WHAT YOU SHOULD DO
Could you return the full listing, every line exactly as given?

GIVEN MATERIAL

════════════════════

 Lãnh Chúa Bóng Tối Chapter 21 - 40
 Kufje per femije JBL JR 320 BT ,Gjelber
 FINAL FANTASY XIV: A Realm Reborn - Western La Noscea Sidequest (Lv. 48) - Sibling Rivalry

════════════════════

SOLUTION
 Lãnh Chúa Bóng Tối Chapter 21 - 40
 Kufje per femije JBL JR 320 BT ,Gjelber
 FINAL FANTASY XIV: A Realm Reborn - Western La Noscea Sidequest (Lv. 48) - Sibling Rivalry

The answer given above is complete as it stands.